-------- Data shown --------

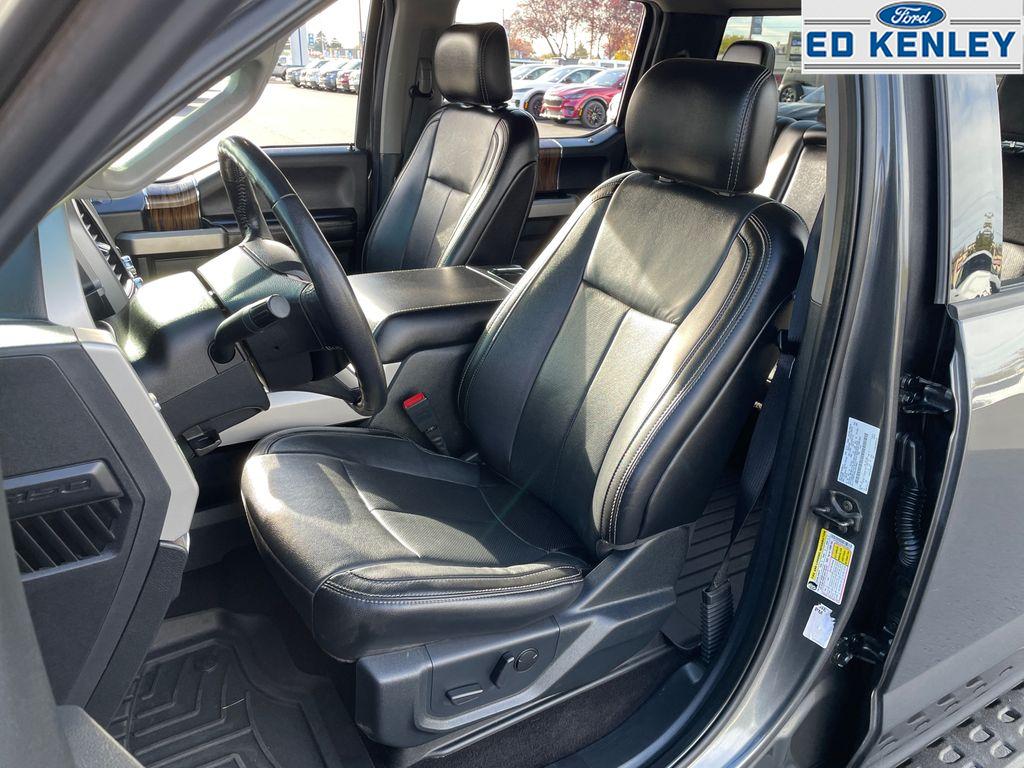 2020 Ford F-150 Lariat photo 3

--------
-------- Data shown --------

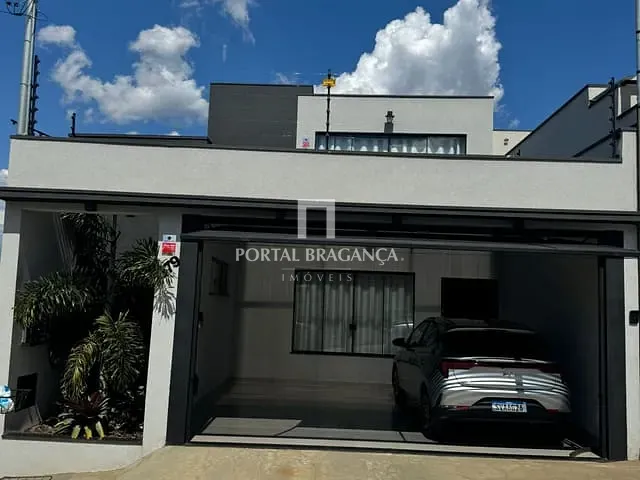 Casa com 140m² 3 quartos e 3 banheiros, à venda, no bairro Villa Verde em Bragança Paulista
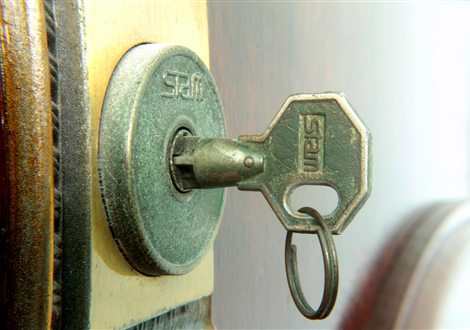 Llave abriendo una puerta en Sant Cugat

--------
-------- Data shown --------

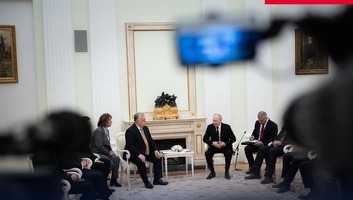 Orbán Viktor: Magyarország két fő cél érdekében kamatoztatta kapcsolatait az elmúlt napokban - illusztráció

--------

*Work request*.
In the records above, find the line with "Casa com 140m²". Print exactly from there through the line with "Llave abriendo una puerta en Sant Cugat", minus the pictures.

*Your response*.
 Casa com 140m² 3 quartos e 3 banheiros, à venda, no bairro Villa Verde em Bragança Paulista
 Llave abriendo una puerta en Sant Cugat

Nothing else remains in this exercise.